**Exercise aim:** In the entries below, find the line with "تغییر قیافه ترلان" and the line with "Invisible TransForce Orthodontics". Reproduce those two lines and every line between them exactly, and nothing more.

(Saved data entries)
________

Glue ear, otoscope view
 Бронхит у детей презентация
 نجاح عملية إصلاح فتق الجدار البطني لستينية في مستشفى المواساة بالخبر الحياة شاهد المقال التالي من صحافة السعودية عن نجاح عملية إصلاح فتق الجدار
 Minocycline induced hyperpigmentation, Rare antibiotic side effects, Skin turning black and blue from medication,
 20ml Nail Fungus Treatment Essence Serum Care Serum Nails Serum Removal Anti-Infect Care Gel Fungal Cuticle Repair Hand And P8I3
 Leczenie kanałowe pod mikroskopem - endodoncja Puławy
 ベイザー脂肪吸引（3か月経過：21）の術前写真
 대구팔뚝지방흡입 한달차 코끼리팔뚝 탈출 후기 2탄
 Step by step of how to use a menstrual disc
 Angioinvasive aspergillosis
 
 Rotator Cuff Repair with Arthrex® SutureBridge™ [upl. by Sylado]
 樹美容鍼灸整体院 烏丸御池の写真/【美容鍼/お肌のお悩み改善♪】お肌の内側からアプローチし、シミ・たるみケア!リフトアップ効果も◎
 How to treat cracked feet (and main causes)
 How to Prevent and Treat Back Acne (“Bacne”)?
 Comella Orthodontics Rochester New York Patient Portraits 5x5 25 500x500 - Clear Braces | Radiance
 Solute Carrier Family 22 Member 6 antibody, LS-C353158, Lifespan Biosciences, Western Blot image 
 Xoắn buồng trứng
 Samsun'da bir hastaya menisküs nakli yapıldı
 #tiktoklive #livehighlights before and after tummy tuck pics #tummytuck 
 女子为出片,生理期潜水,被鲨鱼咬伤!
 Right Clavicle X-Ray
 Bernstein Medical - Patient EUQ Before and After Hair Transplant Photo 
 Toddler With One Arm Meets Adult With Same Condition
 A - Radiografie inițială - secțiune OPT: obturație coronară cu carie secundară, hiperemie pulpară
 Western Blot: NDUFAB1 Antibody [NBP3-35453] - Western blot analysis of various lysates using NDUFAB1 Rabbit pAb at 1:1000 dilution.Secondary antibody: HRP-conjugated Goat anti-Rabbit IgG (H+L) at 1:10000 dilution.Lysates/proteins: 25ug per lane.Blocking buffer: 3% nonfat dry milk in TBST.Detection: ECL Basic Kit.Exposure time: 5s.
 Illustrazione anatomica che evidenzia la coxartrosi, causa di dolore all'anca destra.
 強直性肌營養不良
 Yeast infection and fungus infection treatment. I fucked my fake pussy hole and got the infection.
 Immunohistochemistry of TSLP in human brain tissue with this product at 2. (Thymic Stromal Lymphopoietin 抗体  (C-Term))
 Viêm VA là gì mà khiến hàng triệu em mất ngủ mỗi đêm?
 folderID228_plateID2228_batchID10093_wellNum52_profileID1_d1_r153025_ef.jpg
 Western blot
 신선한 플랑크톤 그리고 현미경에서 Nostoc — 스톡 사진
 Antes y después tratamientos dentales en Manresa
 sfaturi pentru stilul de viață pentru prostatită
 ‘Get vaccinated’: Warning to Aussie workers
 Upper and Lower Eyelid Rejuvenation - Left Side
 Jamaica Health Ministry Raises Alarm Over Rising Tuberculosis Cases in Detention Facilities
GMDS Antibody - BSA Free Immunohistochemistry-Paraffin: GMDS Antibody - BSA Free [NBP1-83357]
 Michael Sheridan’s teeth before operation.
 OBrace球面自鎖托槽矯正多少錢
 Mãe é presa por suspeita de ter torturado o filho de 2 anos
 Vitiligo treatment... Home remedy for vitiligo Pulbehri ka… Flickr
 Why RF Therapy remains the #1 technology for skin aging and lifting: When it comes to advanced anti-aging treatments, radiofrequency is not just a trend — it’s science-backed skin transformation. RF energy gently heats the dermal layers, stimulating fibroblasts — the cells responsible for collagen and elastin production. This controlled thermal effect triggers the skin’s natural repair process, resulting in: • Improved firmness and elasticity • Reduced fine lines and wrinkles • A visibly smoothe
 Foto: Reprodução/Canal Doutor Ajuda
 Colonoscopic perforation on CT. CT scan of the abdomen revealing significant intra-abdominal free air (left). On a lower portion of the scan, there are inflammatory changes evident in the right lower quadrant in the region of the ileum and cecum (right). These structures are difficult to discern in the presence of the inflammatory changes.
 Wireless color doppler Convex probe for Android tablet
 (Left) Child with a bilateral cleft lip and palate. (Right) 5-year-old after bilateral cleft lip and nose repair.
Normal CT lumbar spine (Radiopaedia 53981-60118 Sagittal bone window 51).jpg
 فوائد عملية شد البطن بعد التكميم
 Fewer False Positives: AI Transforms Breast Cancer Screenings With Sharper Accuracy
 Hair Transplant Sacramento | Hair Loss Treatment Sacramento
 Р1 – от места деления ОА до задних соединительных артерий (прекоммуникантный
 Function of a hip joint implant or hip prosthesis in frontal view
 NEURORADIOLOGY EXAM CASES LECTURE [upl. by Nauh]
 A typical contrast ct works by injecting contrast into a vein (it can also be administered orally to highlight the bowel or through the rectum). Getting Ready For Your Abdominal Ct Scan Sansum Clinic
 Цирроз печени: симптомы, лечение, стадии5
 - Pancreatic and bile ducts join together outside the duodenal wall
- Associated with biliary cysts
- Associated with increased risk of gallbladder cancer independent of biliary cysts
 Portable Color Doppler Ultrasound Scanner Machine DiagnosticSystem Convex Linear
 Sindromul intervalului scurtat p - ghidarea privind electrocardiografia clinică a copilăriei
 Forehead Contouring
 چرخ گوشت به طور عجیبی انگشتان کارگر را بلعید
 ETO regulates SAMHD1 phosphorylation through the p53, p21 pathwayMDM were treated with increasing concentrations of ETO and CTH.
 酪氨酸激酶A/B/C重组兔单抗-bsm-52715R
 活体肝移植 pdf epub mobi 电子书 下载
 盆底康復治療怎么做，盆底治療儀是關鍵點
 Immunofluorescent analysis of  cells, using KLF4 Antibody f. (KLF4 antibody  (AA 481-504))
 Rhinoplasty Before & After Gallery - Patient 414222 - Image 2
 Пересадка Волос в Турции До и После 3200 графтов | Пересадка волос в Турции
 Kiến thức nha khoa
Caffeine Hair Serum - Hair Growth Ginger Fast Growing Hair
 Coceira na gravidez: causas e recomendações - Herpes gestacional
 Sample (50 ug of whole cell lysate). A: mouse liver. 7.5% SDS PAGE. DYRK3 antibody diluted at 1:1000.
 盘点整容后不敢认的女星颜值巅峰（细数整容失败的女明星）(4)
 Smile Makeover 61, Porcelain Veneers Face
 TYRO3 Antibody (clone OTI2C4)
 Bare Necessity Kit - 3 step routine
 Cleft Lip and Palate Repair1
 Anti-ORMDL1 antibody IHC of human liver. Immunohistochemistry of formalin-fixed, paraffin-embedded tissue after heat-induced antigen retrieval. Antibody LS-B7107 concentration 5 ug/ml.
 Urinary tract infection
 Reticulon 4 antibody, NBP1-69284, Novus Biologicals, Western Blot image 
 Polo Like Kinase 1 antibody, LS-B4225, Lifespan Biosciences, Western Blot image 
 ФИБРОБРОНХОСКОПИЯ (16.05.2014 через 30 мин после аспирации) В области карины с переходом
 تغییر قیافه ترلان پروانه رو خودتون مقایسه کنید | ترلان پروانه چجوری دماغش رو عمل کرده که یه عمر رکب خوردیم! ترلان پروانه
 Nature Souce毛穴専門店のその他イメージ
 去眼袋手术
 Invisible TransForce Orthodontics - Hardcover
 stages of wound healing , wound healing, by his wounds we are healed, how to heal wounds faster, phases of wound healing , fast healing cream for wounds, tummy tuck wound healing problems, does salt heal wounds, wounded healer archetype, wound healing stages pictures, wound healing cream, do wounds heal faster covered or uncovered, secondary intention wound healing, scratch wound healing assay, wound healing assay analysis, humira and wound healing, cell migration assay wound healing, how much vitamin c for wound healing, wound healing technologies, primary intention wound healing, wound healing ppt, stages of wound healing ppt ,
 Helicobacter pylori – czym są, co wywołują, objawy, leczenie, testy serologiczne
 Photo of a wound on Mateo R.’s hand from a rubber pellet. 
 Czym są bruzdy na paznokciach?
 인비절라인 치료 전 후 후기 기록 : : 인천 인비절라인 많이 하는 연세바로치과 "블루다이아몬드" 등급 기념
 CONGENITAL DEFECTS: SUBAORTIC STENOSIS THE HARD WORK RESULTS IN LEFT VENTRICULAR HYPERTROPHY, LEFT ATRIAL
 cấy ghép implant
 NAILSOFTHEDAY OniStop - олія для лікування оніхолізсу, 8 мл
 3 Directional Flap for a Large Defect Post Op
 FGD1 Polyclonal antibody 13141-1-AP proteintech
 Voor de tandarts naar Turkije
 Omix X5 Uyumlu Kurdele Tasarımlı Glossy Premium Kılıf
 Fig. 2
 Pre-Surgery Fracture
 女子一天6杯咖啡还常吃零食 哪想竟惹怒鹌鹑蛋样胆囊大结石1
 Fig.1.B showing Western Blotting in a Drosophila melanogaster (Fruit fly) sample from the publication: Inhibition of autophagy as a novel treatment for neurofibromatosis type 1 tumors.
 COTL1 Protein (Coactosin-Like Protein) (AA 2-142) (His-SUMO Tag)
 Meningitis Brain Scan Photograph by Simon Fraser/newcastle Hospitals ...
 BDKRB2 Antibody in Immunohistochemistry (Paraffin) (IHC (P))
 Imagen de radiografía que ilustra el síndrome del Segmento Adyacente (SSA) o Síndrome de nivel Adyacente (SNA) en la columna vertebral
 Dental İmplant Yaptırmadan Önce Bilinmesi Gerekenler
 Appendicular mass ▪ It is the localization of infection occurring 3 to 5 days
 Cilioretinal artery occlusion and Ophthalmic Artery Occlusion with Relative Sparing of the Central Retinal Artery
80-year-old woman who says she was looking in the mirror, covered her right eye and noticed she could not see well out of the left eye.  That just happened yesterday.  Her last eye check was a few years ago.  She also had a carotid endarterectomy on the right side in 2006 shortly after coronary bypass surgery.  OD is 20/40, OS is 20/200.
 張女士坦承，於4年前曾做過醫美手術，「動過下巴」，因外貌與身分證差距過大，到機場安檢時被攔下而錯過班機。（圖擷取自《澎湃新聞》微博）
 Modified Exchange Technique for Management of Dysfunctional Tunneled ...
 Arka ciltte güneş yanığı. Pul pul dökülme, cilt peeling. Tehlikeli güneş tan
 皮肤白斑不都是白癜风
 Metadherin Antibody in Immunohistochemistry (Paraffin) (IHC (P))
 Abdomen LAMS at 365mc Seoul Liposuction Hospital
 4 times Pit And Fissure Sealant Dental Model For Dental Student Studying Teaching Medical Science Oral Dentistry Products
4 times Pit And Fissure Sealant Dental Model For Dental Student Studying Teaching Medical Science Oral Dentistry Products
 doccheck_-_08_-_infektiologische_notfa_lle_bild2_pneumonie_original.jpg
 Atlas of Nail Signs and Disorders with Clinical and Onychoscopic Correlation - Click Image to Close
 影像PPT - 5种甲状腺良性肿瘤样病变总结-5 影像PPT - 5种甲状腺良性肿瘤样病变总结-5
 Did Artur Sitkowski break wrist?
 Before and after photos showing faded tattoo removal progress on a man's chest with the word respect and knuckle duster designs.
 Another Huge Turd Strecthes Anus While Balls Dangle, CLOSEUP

________

**Exercise response:**
 تغییر قیافه ترلان پروانه رو خودتون مقایسه کنید | ترلان پروانه چجوری دماغش رو عمل کرده که یه عمر رکب خوردیم! ترلان پروانه
 Nature Souce毛穴専門店のその他イメージ
 去眼袋手术
 Invisible TransForce Orthodontics - Hardcover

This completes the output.